The same sensor-based IoT platform technology that has connected devices and appliances in our homes, is also used in large equipment like pumps and engines. If they have a sensor, they can stream information, send telemetry data out to the cloud, have the data processed and stored in a database, and send notifications back to the user based on any number of desired outputs. 

The goal of this sensor output data is to provide business intelligence that helps you make smarter decisions. But many large equipment industries collect reams of telemetry data from a wide range of devices and ultimately do nothing with it. This happens because they receive thousands of data points with no simple way to prioritize the signals showing problems.  

To combat this, companies – especially those that use large equipment that can require expensive maintenance – need to identify the specific data streams that indicate developing failure conditions. Artificial intelligence-driven microservices make processing and analyzing your asset’s data easier.

 

What’s an AI microservice?

AI microservices are used to complete specific tasks like data processing and data aggregation rather than using a single monolithic application. They’re independent, smaller solutions that are easier to deploy and integrate with third-party tools or tool sets. 

For example, our Amber solution is a serverless, cloud-to-cloud application that taps into your legacy applications, performs data-related tasks on your behalf, and serves up the data outputs in an easy-to-use format.

In other words, your days of sifting through thousands of data points to monitor your equipment’s condition are over.  

 

How do AI microservices help you get more out of your IoT platform?

Let’s say you have several worksites, each with multiple high-value assets connected through IoT sensors.

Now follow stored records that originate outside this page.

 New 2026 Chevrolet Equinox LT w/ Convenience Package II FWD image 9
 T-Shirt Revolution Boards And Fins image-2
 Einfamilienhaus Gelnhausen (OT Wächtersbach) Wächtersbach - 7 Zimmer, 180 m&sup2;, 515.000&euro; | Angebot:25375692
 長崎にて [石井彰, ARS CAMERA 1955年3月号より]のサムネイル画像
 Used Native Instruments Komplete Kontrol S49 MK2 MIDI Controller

It’s challenging (if not impossible) for your operators to monitor every piece of data from each of your assets. A better option is to have your operators monitor assets only when their data measurements start to indicate problems.

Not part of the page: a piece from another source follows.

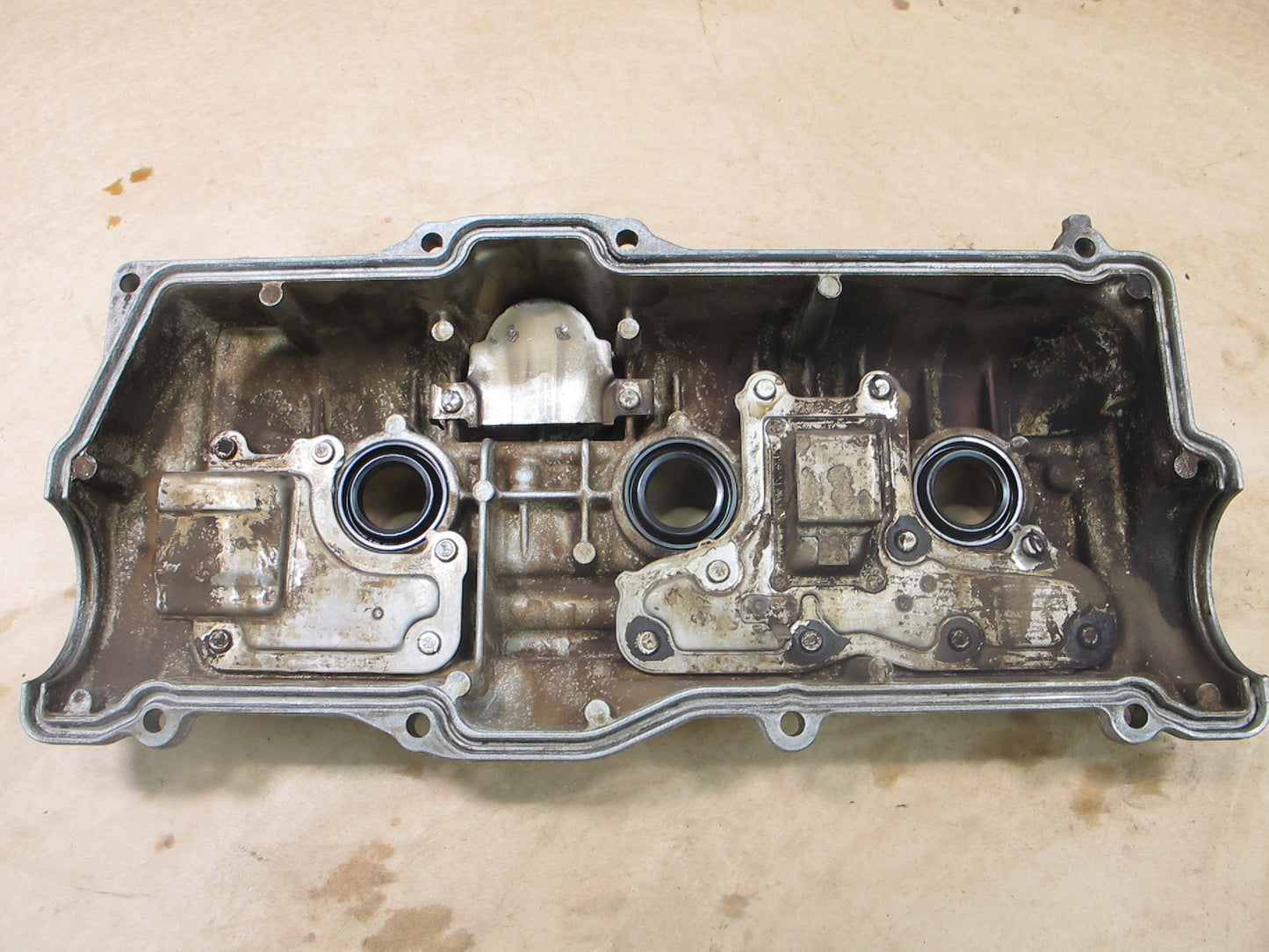 1992-1994 Lexus ES300 Valve Cover LH OEM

An AI-based solution like Boon Logic’s Amber monitors asset data for you and watches for complex data patterns that indicate when a condition exists within your asset that’s inconsistent with how it’s previously behaved.

When you use AI in this way, it performs the data analysis for you and selectively raises red flags alerting your domain expert where to take a closer look. It also helps you avoid unplanned production downtime and proactively choose the most opportune time to make critical repairs.

Instead of sifting through thousands of data sets, you’re looking at one integrated dashboard that clarifies when your domain expert needs to take action.

Here are two examples of how an AI microservice helps you get more out of your IoT platform.

 

Anomaly reporting

Traditional anomaly detection approaches look for minimum/maximum excursions of individual sensors beyond a statistically defined normal range.

But what happens if each individual sensor value is within the statistical limits of its normal operation, but there is a relational anomaly between sensors? These relational anomalies give the earliest indication of asset non-compliance.

This is where the unsupervised machine learning (a subset of AI) capabilities of Boon Logic’s Amber solution come into play. We leverage this technology because it’s especially effective at detecting anomalies and making predictions based on deviations from normal operation, even when those states can have a significant amount of expected variation.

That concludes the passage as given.